Elle sourit, désigne d'une main sa maison, enfin nous sommes arrivées. Estelle ouvre la porte, m'invite d'une révérence surjouée à entrer dans le salon, puis me fait signe de faire comme chez moi pendant qu'elle monte à l'étage chercher sa trouvaille. Je vais dans la cuisine, trépigne intérieurement à l'idée de ce que je pourrais apprendre, qui sait, peut-être qu'Owen ne se souvient pas de moi. Ce serait très drôle que je l'en informe, car si comme je le pressens, je l'ai rencontré cet été-là, ça signifie que je l'ai peut-être connu quand il n'était pas encore enfermé et condamné dans la peau d'un joueur.
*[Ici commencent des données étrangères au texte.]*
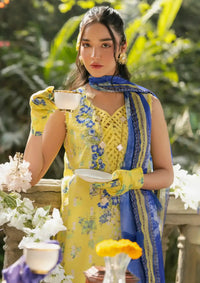 mohsin-saeed-fabrics-affordable-luxury-outfits-for-daily-formal-and-wedding-wear-This-product-is-from-asifa-nabeel-gulkari-summer25-gkl-15-sunlit-breeze-is-available-on-Mohsin-saeed-fabrics-website.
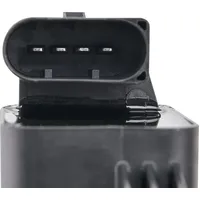 BERU BorgWarner (BERU) Zündspule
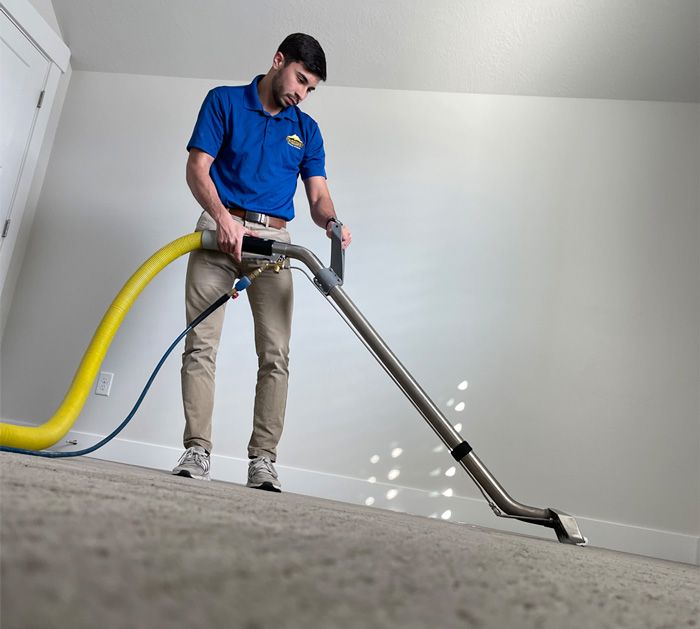 The Best Carpet Cleaning Service 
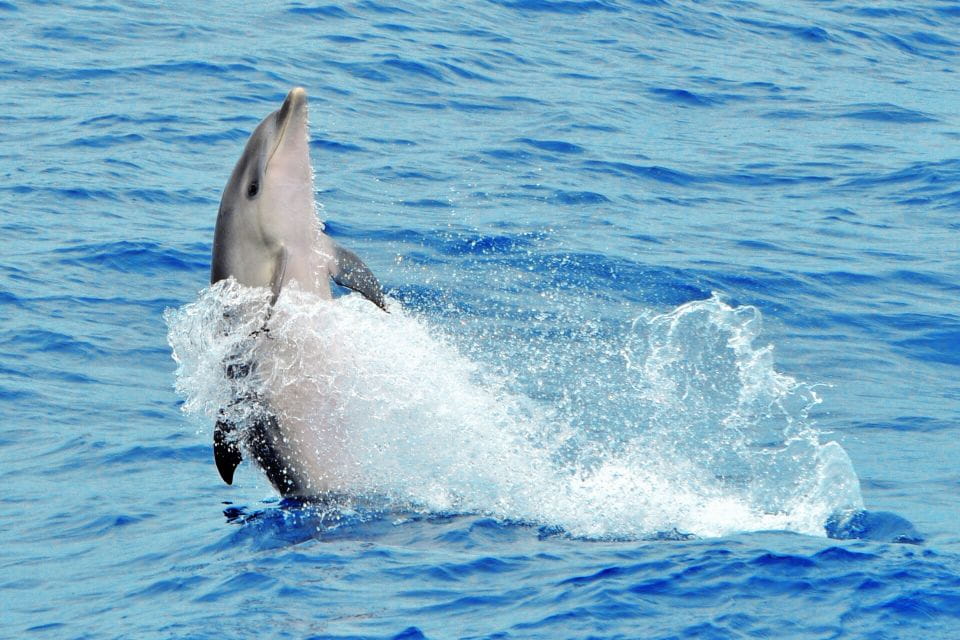 Morro Jable: Dolphin & Whale Watching Cruise, Drinks & Swim - Pickup and Meeting Points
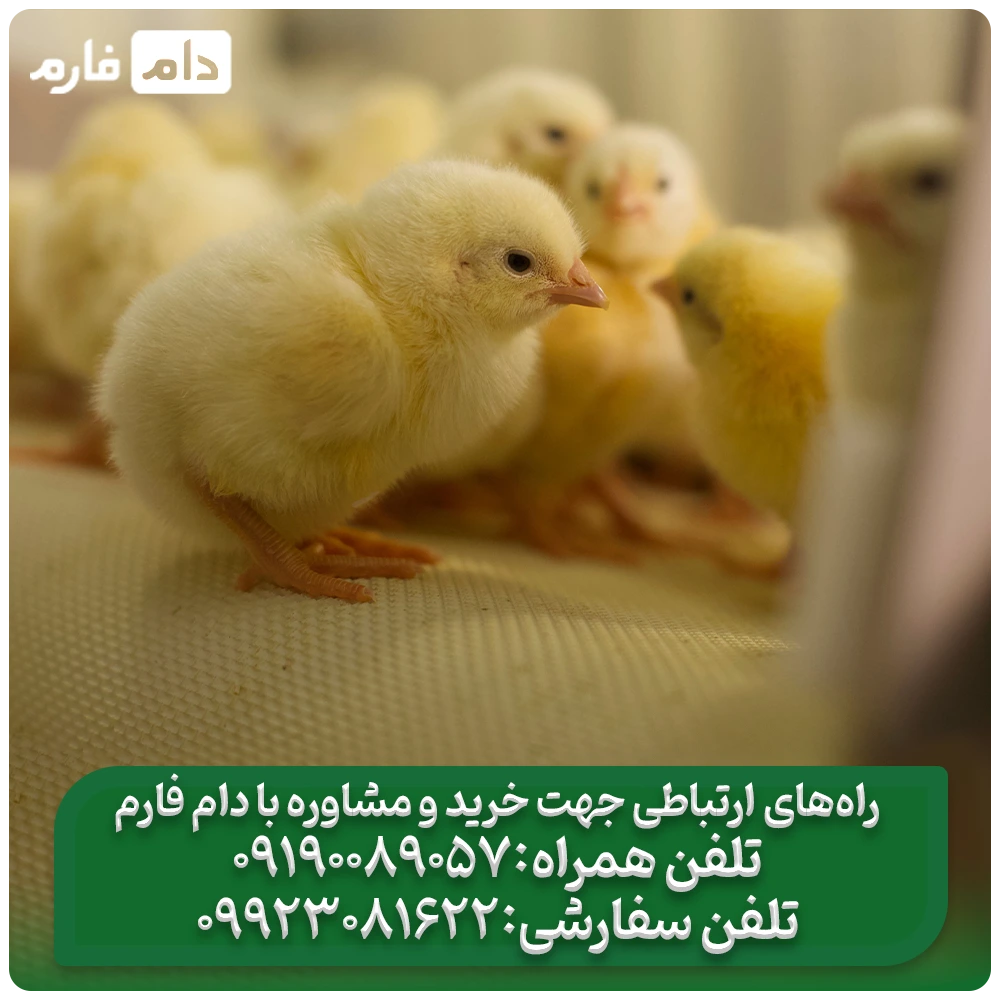 Selling-one-day-old-chicks,-Padideh-Tejarat-Company,-Hormozgan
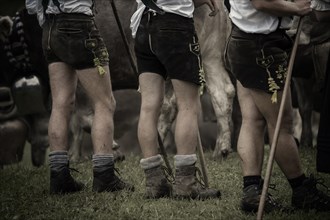 Shepherds legs in front of a herd of cattle during the Viehscheid cattle drive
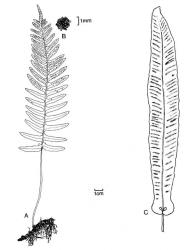 Fig. 1. A-B  Polypodium vulgare, A frond, B sorus; C  Phyllitis scolopendrium, frond. © All rights reserved. [Image: 4X3B]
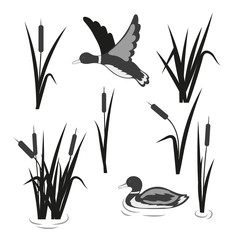 Vector pond set. Reeds and ducks isolated on white.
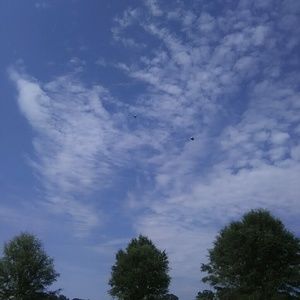 Meet your Posher, Larandi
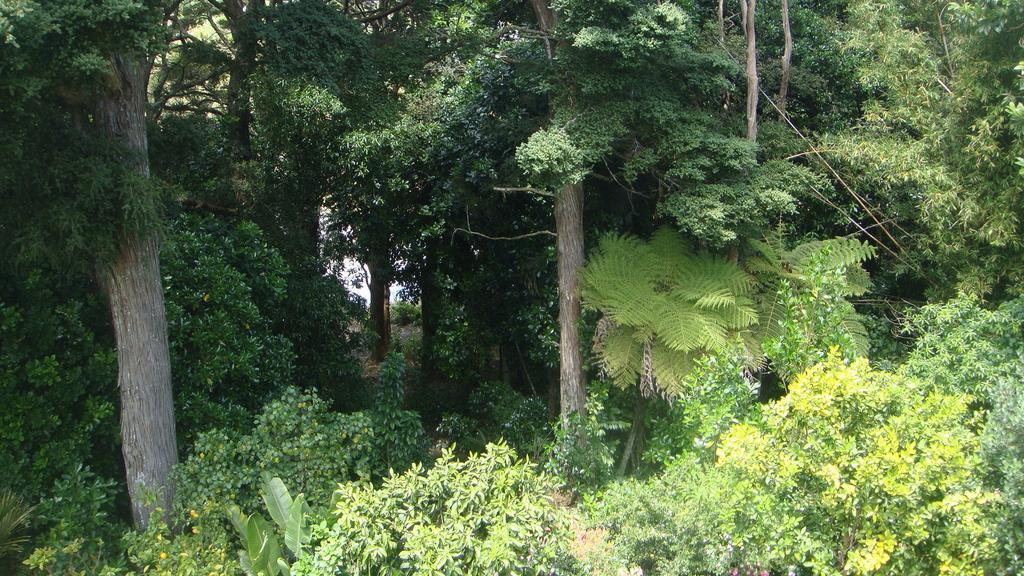 By The Park B & B Whangarei Bilik gambar
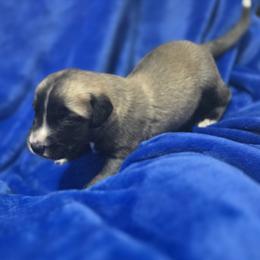 Anatolian Shepherd Dog Puppies from Florida Anatolian Shepherds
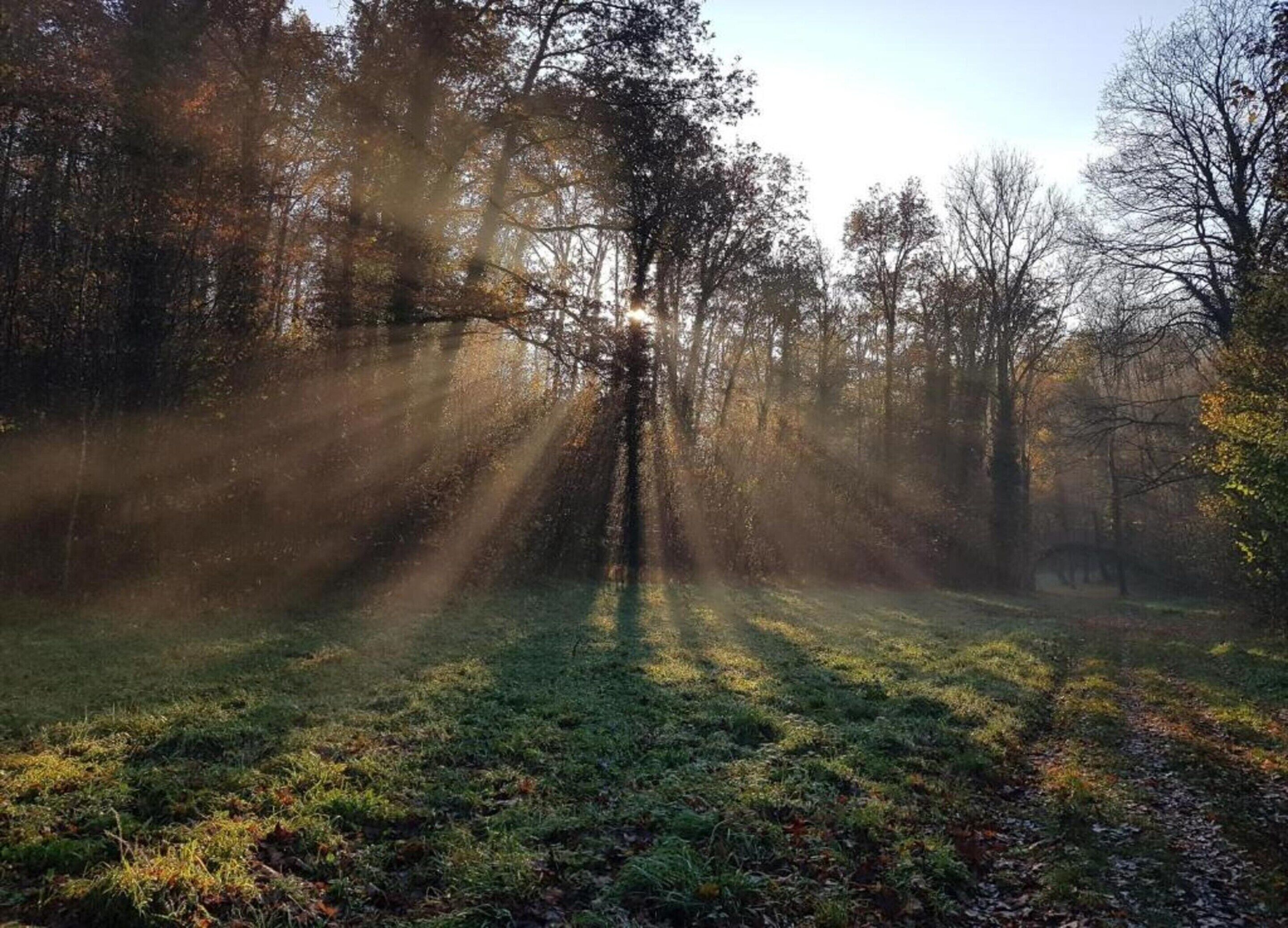 Un bosque con luz del sol filtrándose entre los árboles.
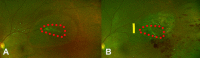 Fig. 8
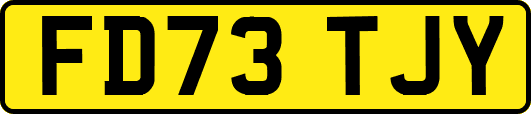 FD73TJY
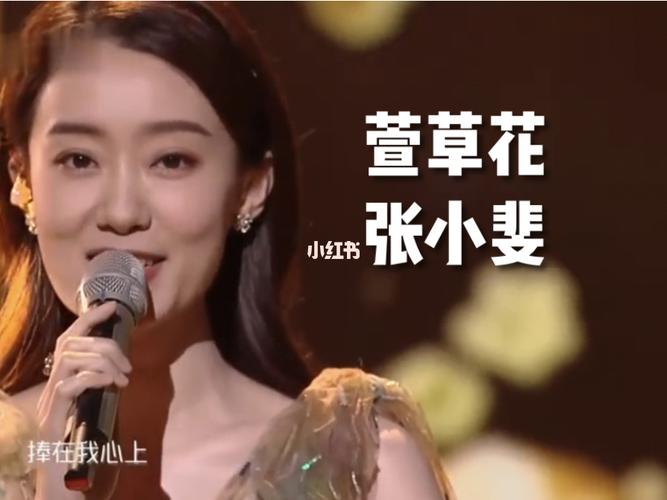 张小斐《萱草花》_张小斐_娱乐_音乐_音乐现场/mv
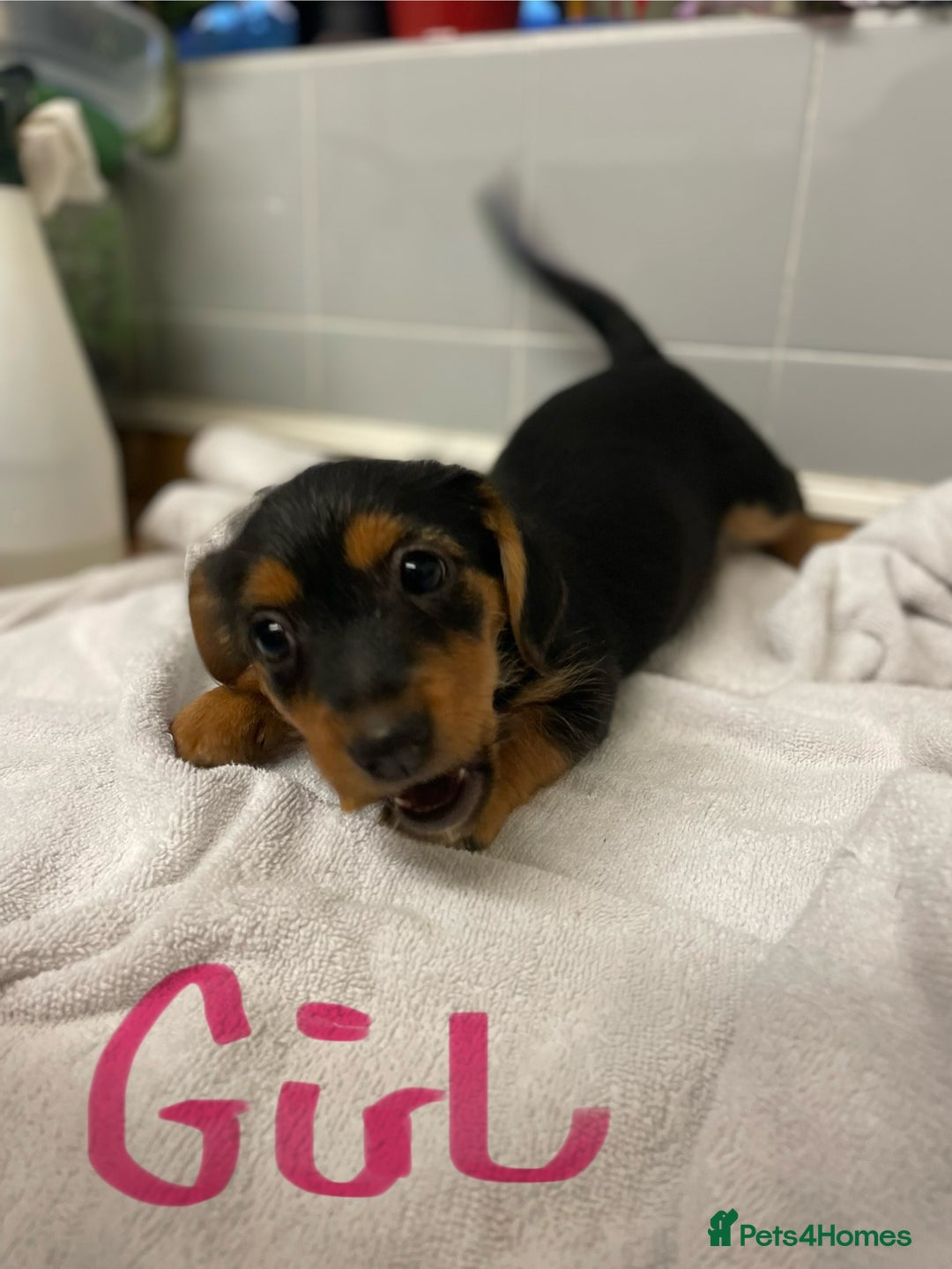Jack Russell dogs for sale: Jack Russell puppies  - Image 6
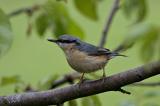 Nuthatch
— Je l'aaaai ! Ça te dit une petite bière pour accompagner ce moment ? S'exclame Estelle en débarquant dans la cuisine à toute vitesse, le regard vif, les bras chargés d'un album et d'une trousse.
— Carrément ! Et... t'aurais de quoi rouler un joint ?
Estelle rit avec un petit air machiavélique. Elle agite sa trousse devant moi, puis la jette dans ma direction avec l'ordre de rouler un pétard pendant qu'elle s'occupe des bières. Je m'exécute avec plaisir, sors le matériel dont j'ai besoin, tout en coulant quelques regards sur l'album. Est-ce normal que mon cœur s'agite pour si peu ? Dans un sens, je ne m'attends pas à voir des photos très explicites, mais voir une image de ce temps fera peut-être remonter des souvenirs en moi. Retourner mes pensées, fouiller dans ma mémoire, trouver ce que mon inconscient cache, c'est tout ce bazar dans les méandres de mon esprit qui m'angoisse. Estelle fait glisser une bière devant moi, puis me tend son briquet et feuillette l'album. Je me penche par-dessus la table pour observer les photos qui défilent, elles ne sont pas nombreuses.
— C'est celle-là !
Elle retourne l'album dans mon sens, souris et pose son doigt sur la photo tant attendue.
— Alors ? On n'est pas trop mignonnes ? T'avais les cheveux super-courts !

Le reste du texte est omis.